Von den USA. Sie halten 16,75 Prozent der Stimmrecht. Für eine Kapitalaufstockung sind 85 Prozent notwendig. Die Vorherrschaft der USA und Europas (das mehr als 30Prozent der Stimmrechte hält) im IWF ist auch der Hauptgrund, warum die BRICS (Brasilien, Russland, Indien, China und Südafrika) sich bisher einer Kapitalaufstockung verweigern.

7 Was wollen die BRICS bei der IWF-Tagung erreichen?

Schon 2010 wurde eine IWF-Reform beschlossen, die eine (geringfügige) Verschiebung der Stimmrechte von Europa an die BRICS vorsieht. Die USA würden ihre Sperrminorität zwar behalten, blockieren die Reform aber dennoch. In Amerika ist Wahljahr, und Geldhilfen für das Ausland gelten als unpopulär. Das Weiße Haus hat mehrmals betont, dass vor dem Herbst weder mit einer IWF-Reform noch mit einer Kapitalaufstockung zu rechnen ist. Kanada will diese Blockade unterstützen.

8 Was passiert, wenn es doch zu keiner Einigung kommt?
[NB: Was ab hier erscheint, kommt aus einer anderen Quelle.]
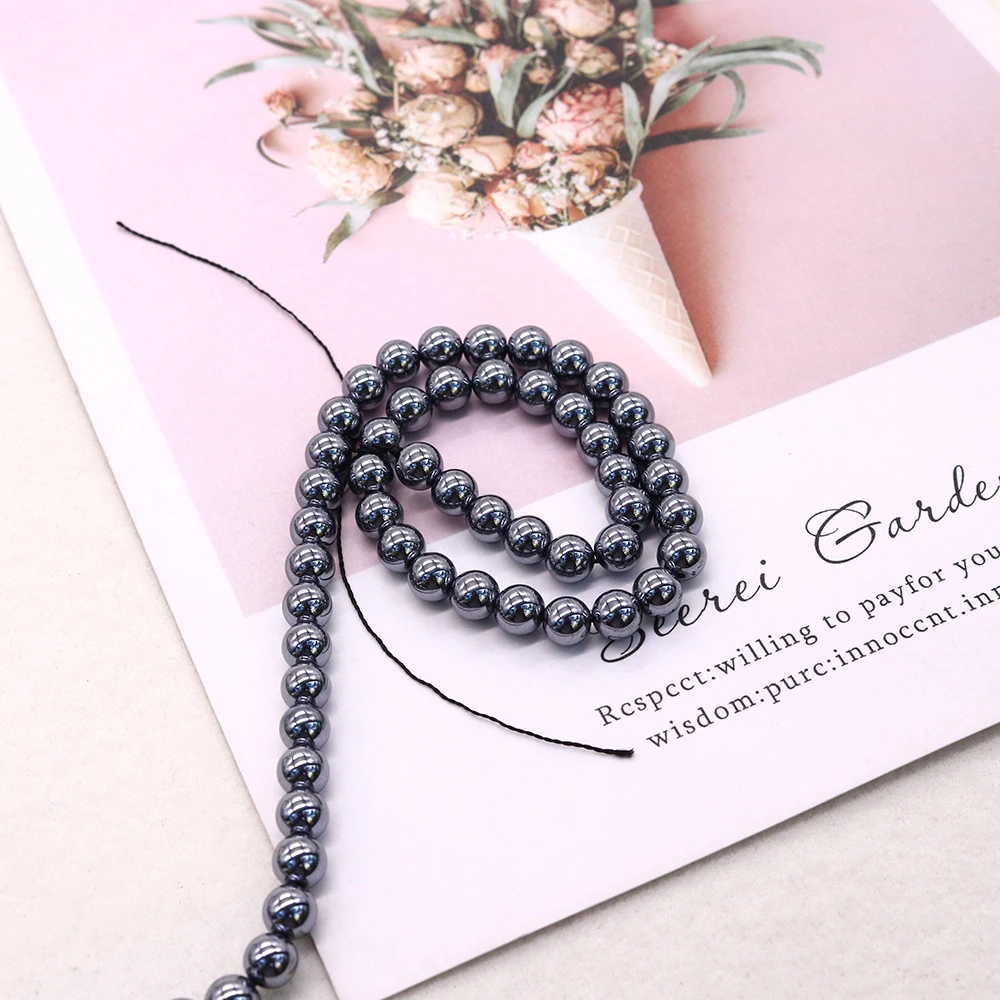 6-8mm Quality Terahertz Natural Stone Beads for Jewelry Making DIY Necklaces Bracelet Round Loose Spacer Beads Accessories
6-8mm Quality Terahertz Natural Stone Beads for Jewelry Making DIY Necklaces Bracelet Round Loose Spacer Beads Accessories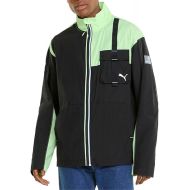 PUMA Mens Bmw Mms Statement Woven Full-Zip Jacket Coats Jackets Outerwear Casual Pockets - Green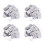 400 Piece Mirror Tile Wall Sticker 3D Decal Room Decor Stick (Silver) 1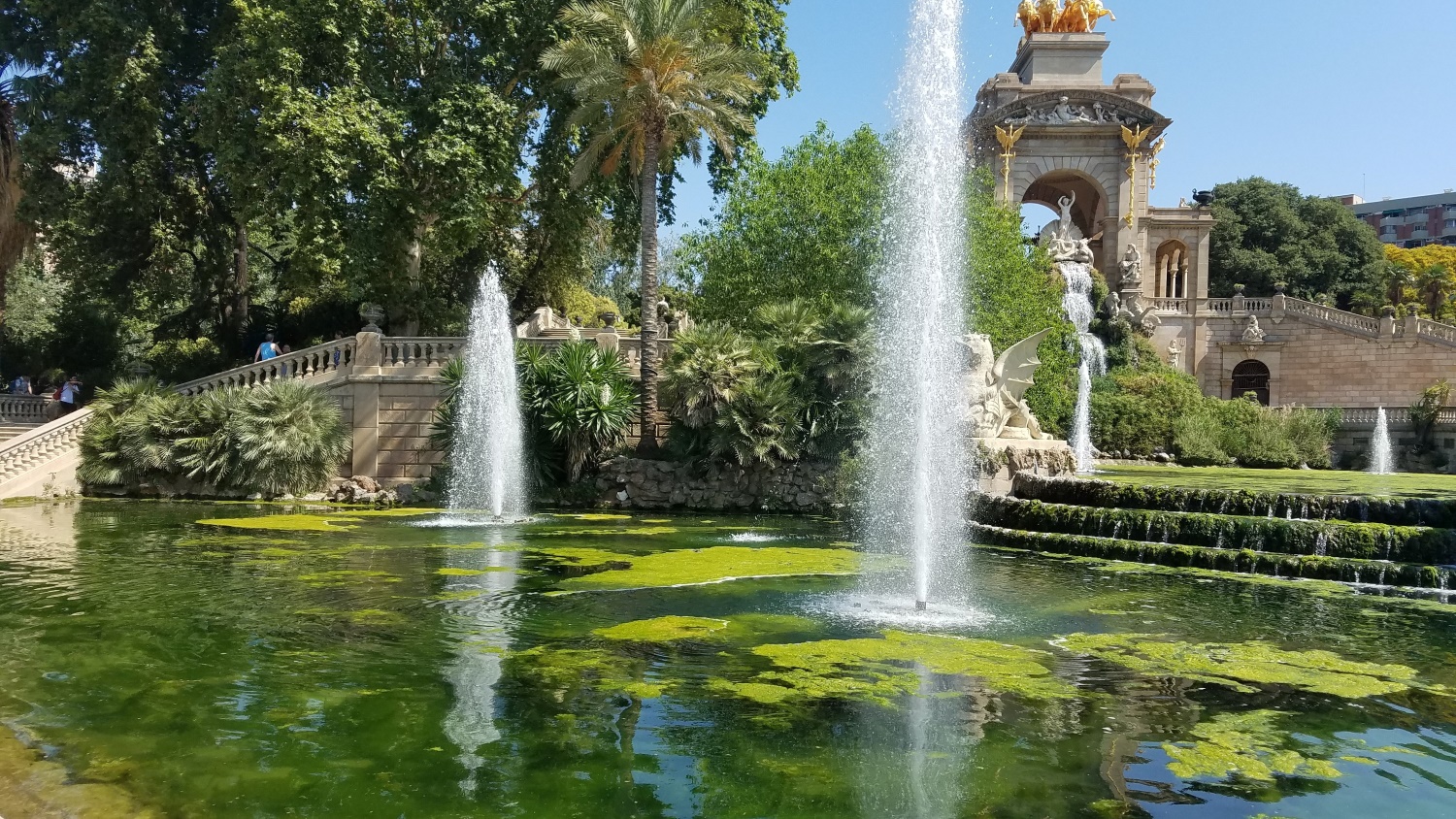 Citadel Park in Barcelona, Spain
Zunächst nicht allzu viel. Europa darf immer noch hoffen, die Schuldenkrise durch Reformen in den Griff zu bekommen. Der kommende „permanente Rettungsschirm" ESM funktioniert ähnlich wie der IWF und könnte den Fonds in Europa ersetzen. Die BRICS suchen Alternativen. Sie haben erst kürzlich Pläne für eine eigene Variante der Weltbank und des IWF angekündigt. Auch in Asien laufen Gespräche über die Gründung eigener Institutionen.